Abstract

We studied 19 peripartum patients with acute respiratory failure associated with pregnancy. Although it is an uncommon event, noncardiogenic pulmonary edema is the most common cause of respiratory failure in the peripartum period. This acute lung injury syndrome was observed to be associated with a variety of complications of pregnancy including premature labor, the use of tocolytics, infection, hypertension, leukoagglutinin reactions, aspiration, abruptio placentae, and amniotic fluid embolism. From 1989 through 1992 there were 10,852 deliveries and 19 patients with noncardiogenic pulmonary edema at our institution. Analyzing these cases has led us to favor the hypothesis that the respiratory failure associated with the various complications of pregnancy primarily represents the fatal and nonfatal cases of amniotic fluid embolism that Steiner and Lushbaugh initially believed undoubtedly to exist. Moreover, we suggest, as have others, that the nonspecific symptom complex of inflammation, coagulopathy, and cardiopulmonary failure represents the release of soluble mediators into the maternal circulation.
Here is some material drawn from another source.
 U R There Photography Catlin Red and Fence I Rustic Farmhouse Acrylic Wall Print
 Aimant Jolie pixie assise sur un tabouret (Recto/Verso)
It is not clear what the predominant mediator is, but we have focused on platelet activating factor. It is also not established whether the mediator(s) is of amniotic fluid origin or a result of maternal anaphylactoid-type of response to a fetal or amnioplacental antigen. In conclusion, monitoring maternal oxygenation either directly or indirectly by oximetry should be considered routinely in the peripartum period, especially in complicated pregnancies, to detect at an early stage "asymptomatic" or preclinical cases of noncardiogenic pulmonary edema, in hopes of then modifying management to prevent their progression.